**SUPPLIED ENTRIES**
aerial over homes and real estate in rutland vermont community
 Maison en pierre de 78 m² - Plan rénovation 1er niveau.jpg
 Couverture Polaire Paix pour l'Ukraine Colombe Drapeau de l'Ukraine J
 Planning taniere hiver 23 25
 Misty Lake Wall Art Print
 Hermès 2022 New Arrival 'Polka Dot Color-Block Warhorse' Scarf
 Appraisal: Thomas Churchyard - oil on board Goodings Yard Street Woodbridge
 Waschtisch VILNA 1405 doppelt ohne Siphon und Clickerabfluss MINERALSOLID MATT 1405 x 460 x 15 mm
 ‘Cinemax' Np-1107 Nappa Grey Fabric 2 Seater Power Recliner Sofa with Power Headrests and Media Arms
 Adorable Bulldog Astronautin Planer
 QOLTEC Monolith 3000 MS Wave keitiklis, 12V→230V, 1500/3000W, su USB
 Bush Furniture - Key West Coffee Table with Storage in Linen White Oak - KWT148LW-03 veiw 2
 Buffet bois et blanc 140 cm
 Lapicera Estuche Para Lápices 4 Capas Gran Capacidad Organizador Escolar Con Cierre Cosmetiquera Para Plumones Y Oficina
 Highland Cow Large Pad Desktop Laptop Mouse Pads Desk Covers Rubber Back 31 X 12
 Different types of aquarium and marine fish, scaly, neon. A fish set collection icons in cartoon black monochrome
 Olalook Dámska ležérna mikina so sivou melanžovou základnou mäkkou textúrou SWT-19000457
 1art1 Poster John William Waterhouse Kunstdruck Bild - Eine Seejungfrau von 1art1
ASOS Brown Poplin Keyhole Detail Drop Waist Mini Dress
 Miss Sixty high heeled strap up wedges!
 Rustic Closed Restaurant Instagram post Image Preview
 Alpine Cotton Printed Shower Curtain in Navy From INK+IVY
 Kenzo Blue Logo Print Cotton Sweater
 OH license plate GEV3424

**WHAT YOU HAVE TO DO**
Set down every entry again, exactly as written.

**EXERCISE RESULT**
aerial over homes and real estate in rutland vermont community
 Maison en pierre de 78 m² - Plan rénovation 1er niveau.jpg
 Couverture Polaire Paix pour l'Ukraine Colombe Drapeau de l'Ukraine J
 Planning taniere hiver 23 25
 Misty Lake Wall Art Print
 Hermès 2022 New Arrival 'Polka Dot Color-Block Warhorse' Scarf
 Appraisal: Thomas Churchyard - oil on board Goodings Yard Street Woodbridge
 Waschtisch VILNA 1405 doppelt ohne Siphon und Clickerabfluss MINERALSOLID MATT 1405 x 460 x 15 mm
 ‘Cinemax' Np-1107 Nappa Grey Fabric 2 Seater Power Recliner Sofa with Power Headrests and Media Arms
 Adorable Bulldog Astronautin Planer
 QOLTEC Monolith 3000 MS Wave keitiklis, 12V→230V, 1500/3000W, su USB
 Bush Furniture - Key West Coffee Table with Storage in Linen White Oak - KWT148LW-03 veiw 2
 Buffet bois et blanc 140 cm
 Lapicera Estuche Para Lápices 4 Capas Gran Capacidad Organizador Escolar Con Cierre Cosmetiquera Para Plumones Y Oficina
 Highland Cow Large Pad Desktop Laptop Mouse Pads Desk Covers Rubber Back 31 X 12
 Different types of aquarium and marine fish, scaly, neon. A fish set collection icons in cartoon black monochrome
 Olalook Dámska ležérna mikina so sivou melanžovou základnou mäkkou textúrou SWT-19000457
 1art1 Poster John William Waterhouse Kunstdruck Bild - Eine Seejungfrau von 1art1
ASOS Brown Poplin Keyhole Detail Drop Waist Mini Dress
 Miss Sixty high heeled strap up wedges!
 Rustic Closed Restaurant Instagram post Image Preview
 Alpine Cotton Printed Shower Curtain in Navy From INK+IVY
 Kenzo Blue Logo Print Cotton Sweater
 OH license plate GEV3424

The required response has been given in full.